**Exercise description:**
Each line below must be reproduced exactly, though the pictures are to be dropped.

**Provided records:**

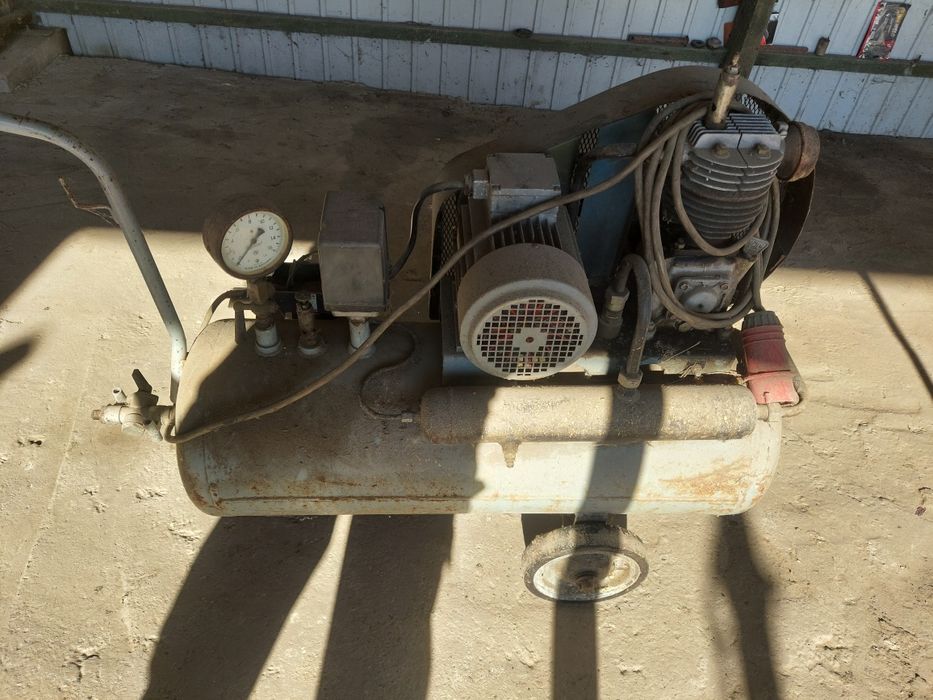 Kompresor Sprężarka Tłokowa Do Pompowania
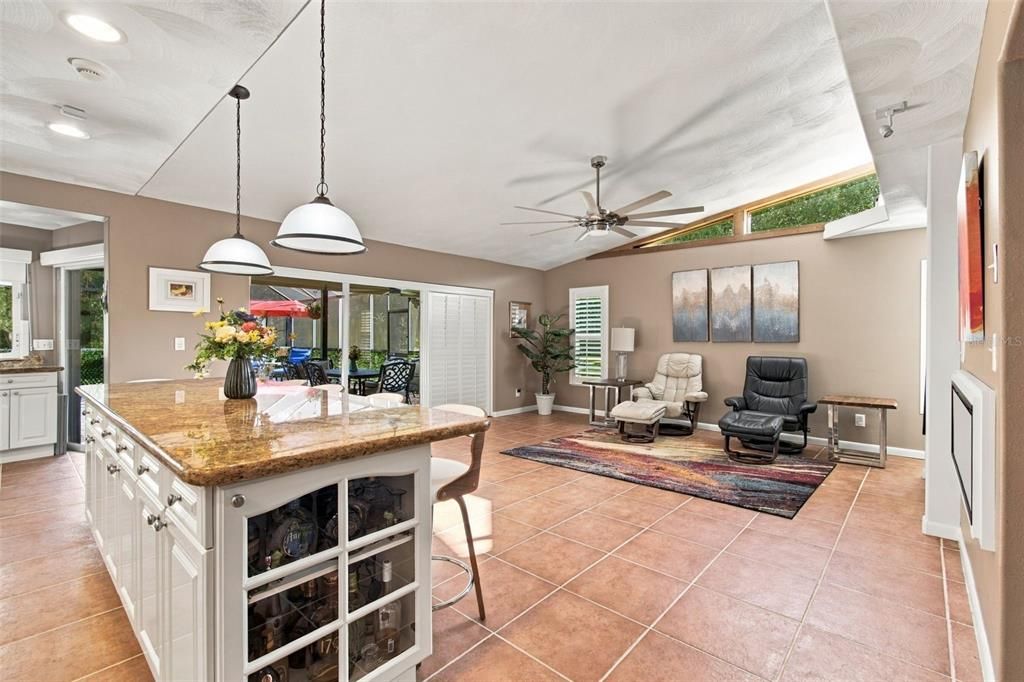 For Sale: $725,000 (3 beds, 2 baths, 2522 Square Feet)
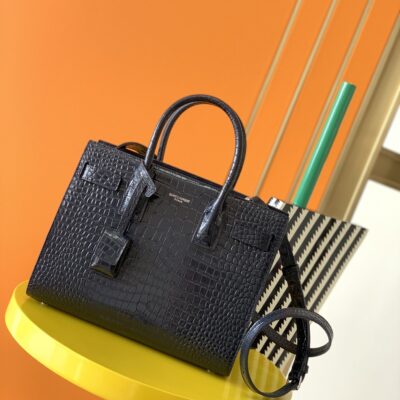 高仿YSL聖羅蘭包包 sac de jour鱷魚壓紋光面皮革手袋 中型深藍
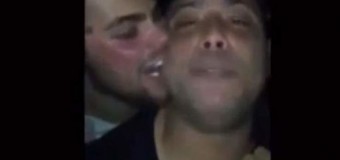 Сеть «шокировал» ролик, на котором Роналдо целует мужчина. Видео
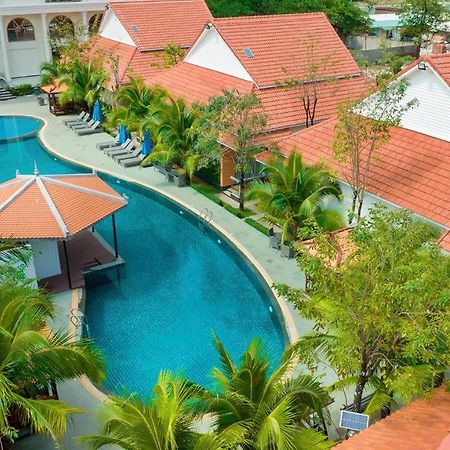 Sea Breeze Hotel & Villa Sihanoukville Exterior foto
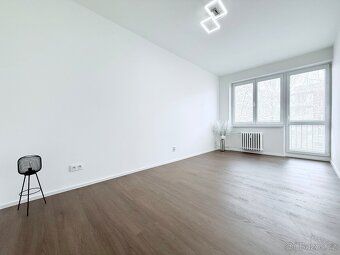 Stylový byt 2+kk po rekonstrukci, 54 m², klidná lokalita u B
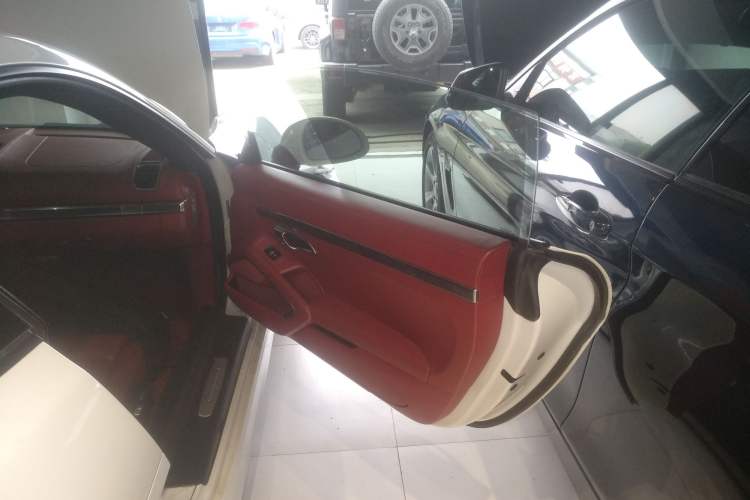 Used Porsche Cayman 2013 Cayman 2.7L Interior 5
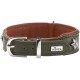 Olivgrünes Lederhalsband mit braunem Innenfutter, silberner Schnalle und Blumen-Nieten, Metallanhänger mit der Aufschrift 'HUNTER'.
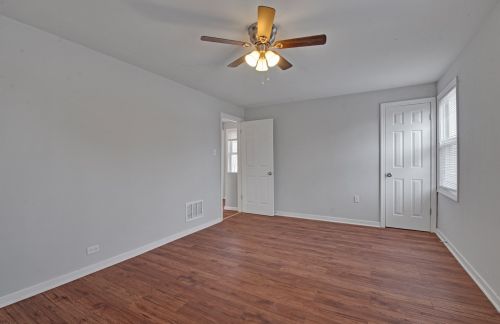 937 123rd St, Chicago IL 60827-5723 exterior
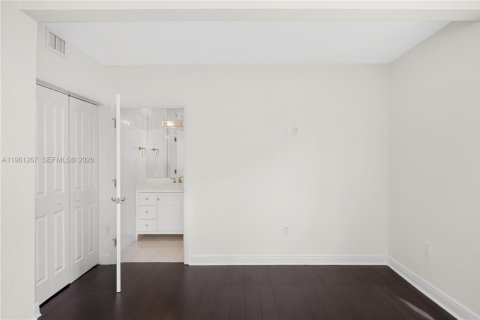 House in Miami, Florida 5 bedrooms, 453.46 sq.m. № 2268686 - photo 21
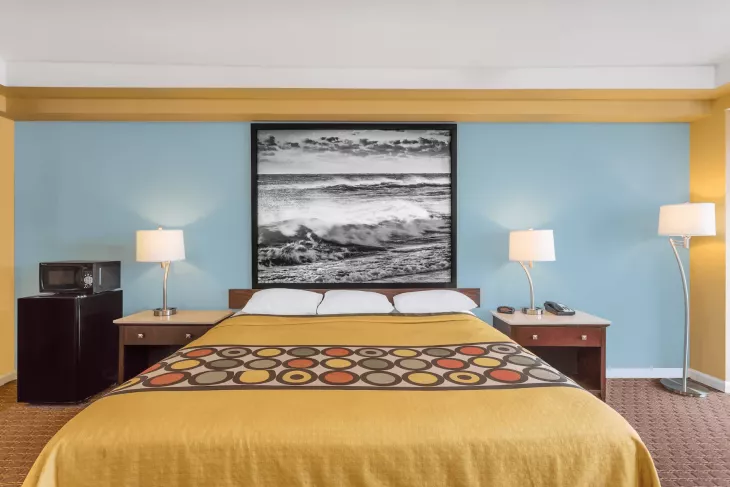 cheap hotels va beach boardwalk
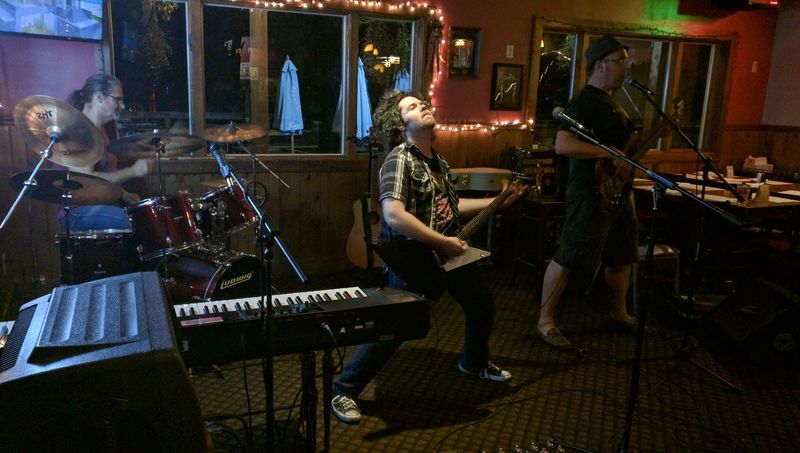Live Bands on Summer Weekends Live Bands on Summer Weekends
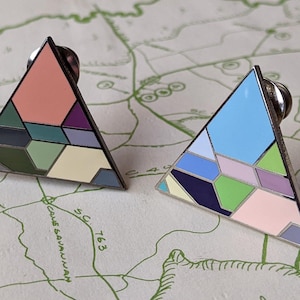 Épingle en émail dur pyramide pour texture de sol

**Written answer:**
 Kompresor Sprężarka Tłokowa Do Pompowania
 For Sale: $725,000 (3 beds, 2 baths, 2522 Square Feet)
 高仿YSL聖羅蘭包包 sac de jour鱷魚壓紋光面皮革手袋 中型深藍
 Сеть «шокировал» ролик, на котором Роналдо целует мужчина. Видео
 Sea Breeze Hotel & Villa Sihanoukville Exterior foto
 Stylový byt 2+kk po rekonstrukci, 54 m², klidná lokalita u B
 Used Porsche Cayman 2013 Cayman 2.7L Interior 5
 Olivgrünes Lederhalsband mit braunem Innenfutter, silberner Schnalle und Blumen-Nieten, Metallanhänger mit der Aufschrift 'HUNTER'.
 937 123rd St, Chicago IL 60827-5723 exterior
 House in Miami, Florida 5 bedrooms, 453.46 sq.m. № 2268686 - photo 21
 cheap hotels va beach boardwalk
Live Bands on Summer Weekends Live Bands on Summer Weekends
 Épingle en émail dur pyramide pour texture de sol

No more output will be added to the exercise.